Retinal Drusen are small yellow deposits in the retina that, if mild, usually do not interfere with vision. Drusen tend to occur most frequently in people older than 60 years of age and are commonly associated with age-related macular degeneration. It is important to protect the eyes from UV light and to take anti-oxidant vitamins.
Posterior vitreous detachments or PVDs are common causes of vitreous floaters. Far less commonly, these symptoms can be associated with retinal tears or detachments that may be linked to PVDs.
What leads to vitreous detachments in the first place?
The eye is filled with a gel-like substance called vitreous gel. The vitreous gel is attached to the back wall of the eye (the retina). Over time, the vitreous becomes more liquefied in the center. This sometimes means that the central, more watery vitreous cannot support the weight of the heavier, more peripheral vitreous gel.
Vitreous gel then collapses into the central, liquefied vitreous. While this occurs, the peripheral vitreous detaches from the inner back of the eye where the retina is located. The vitreous shrinks and pulls away from the retina. This is a natural process that occurs with aging and is distinct from a detached retina, which is much more serious.
Floaters resulting from a vitreous detachment are then concentrated in the more liquid vitreous found in the interior center of the eye.
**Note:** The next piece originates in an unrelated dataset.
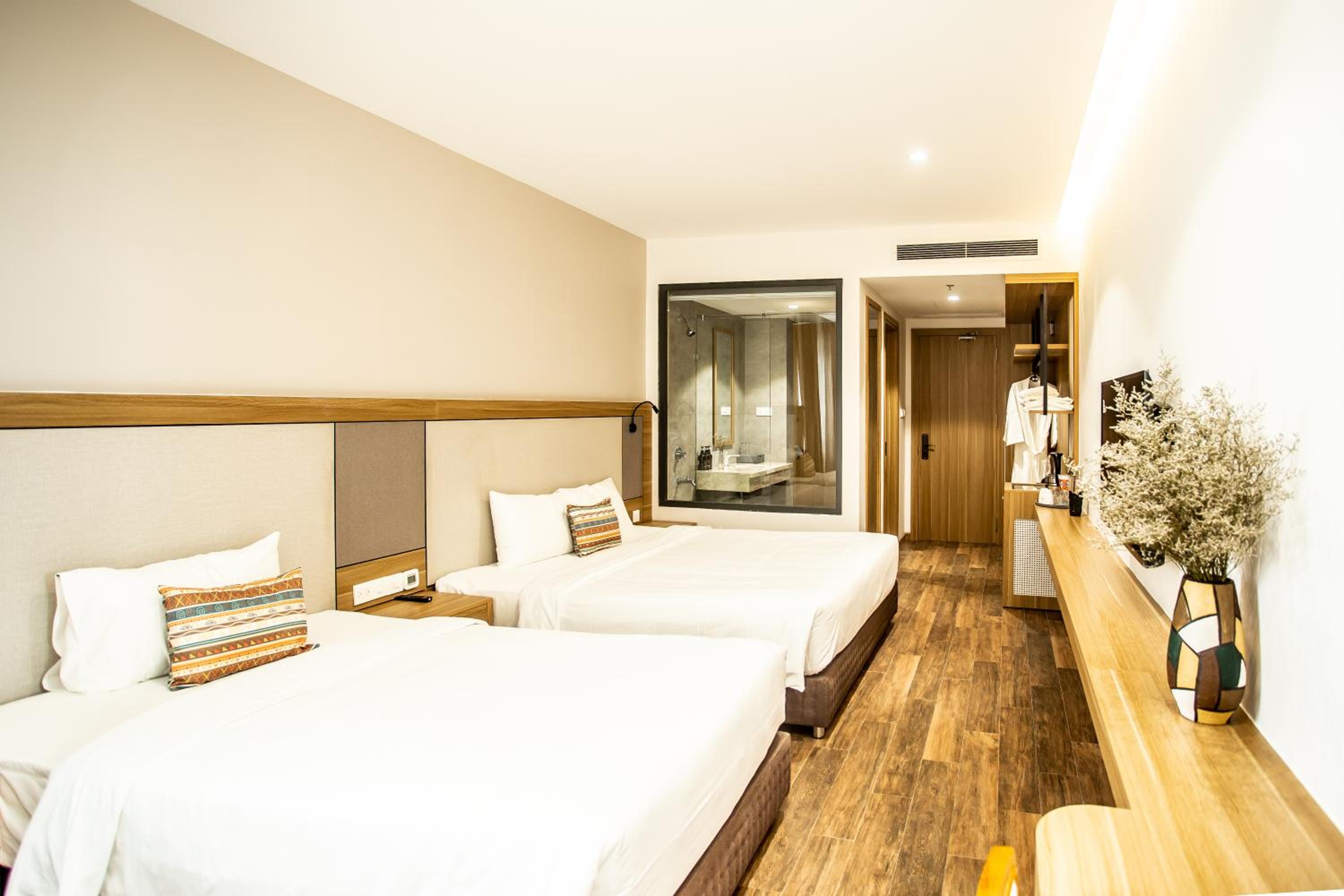 Deluxe Double or Twin Room with City View photo 2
Most people by the time they are 80 will have had a vitreous detachment. A vitreous detachment can even occur at a young age. If you also experience light flashes, then you have about a chance of also developing a retinal tear.
Light flashes during this process mean that traction is being applied to your retina while the PVD takes place. Once the vitreous finally detaches and pressure on the retina is eased, the light flashes should gradually subside.